(Referring expression grounding data)
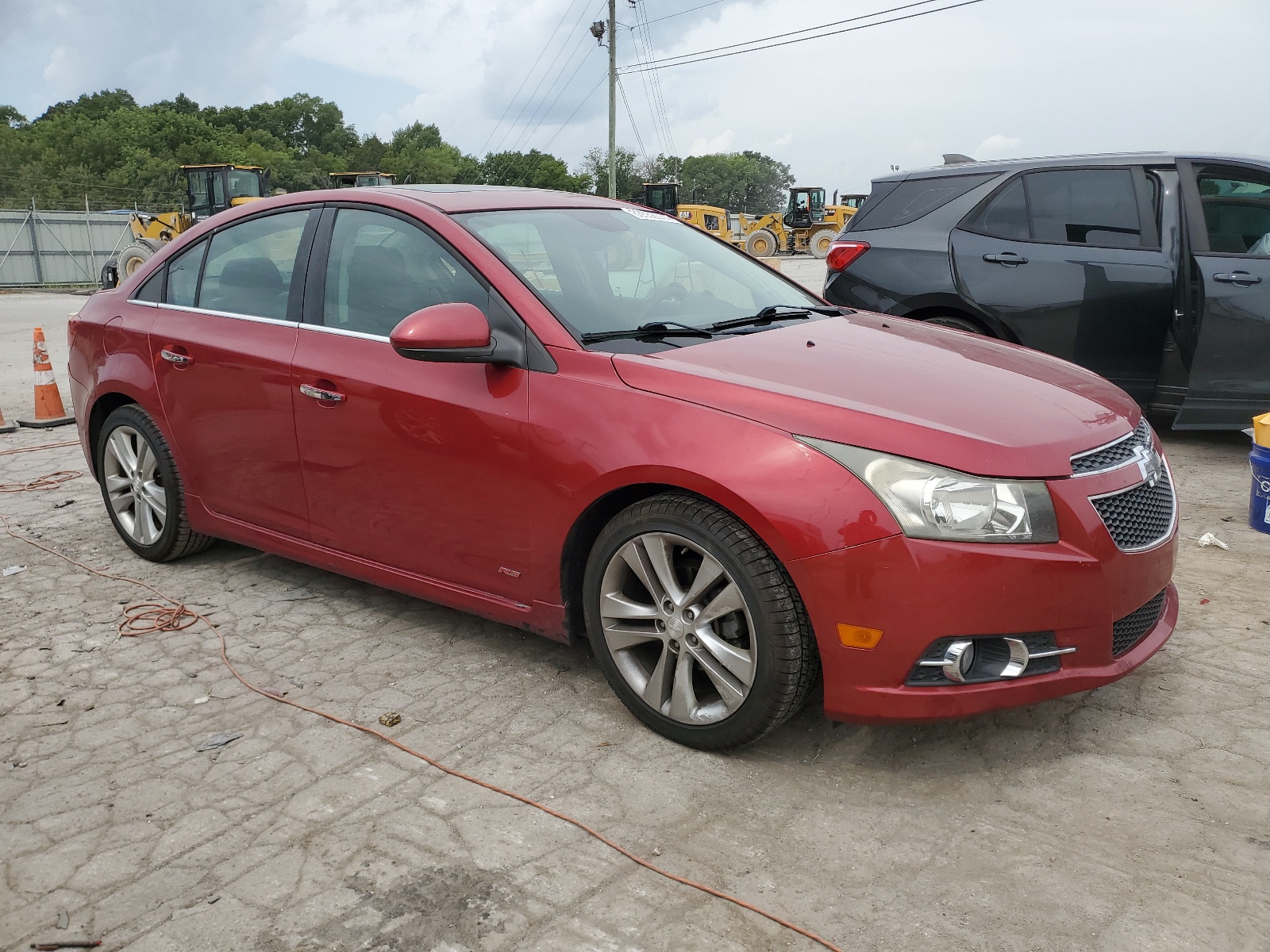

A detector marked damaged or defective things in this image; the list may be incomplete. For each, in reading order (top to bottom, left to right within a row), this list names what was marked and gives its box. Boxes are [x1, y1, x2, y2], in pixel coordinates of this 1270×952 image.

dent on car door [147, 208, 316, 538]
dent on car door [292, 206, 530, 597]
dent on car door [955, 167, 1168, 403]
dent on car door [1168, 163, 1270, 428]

→ **EXERCISE DETAILS**
Your copy should match the entries above exactly and contain no pictures.

→ **RESPONSE BOX**
A detector marked damaged or defective things in this image; the list may be incomplete. For each, in reading order (top to bottom, left to right within a row), this list names what was marked and gives its box. Boxes are [x1, y1, x2, y2], in pixel coordinates of this 1270×952 image.

dent on car door [147, 208, 316, 538]
dent on car door [292, 206, 530, 597]
dent on car door [955, 167, 1168, 403]
dent on car door [1168, 163, 1270, 428]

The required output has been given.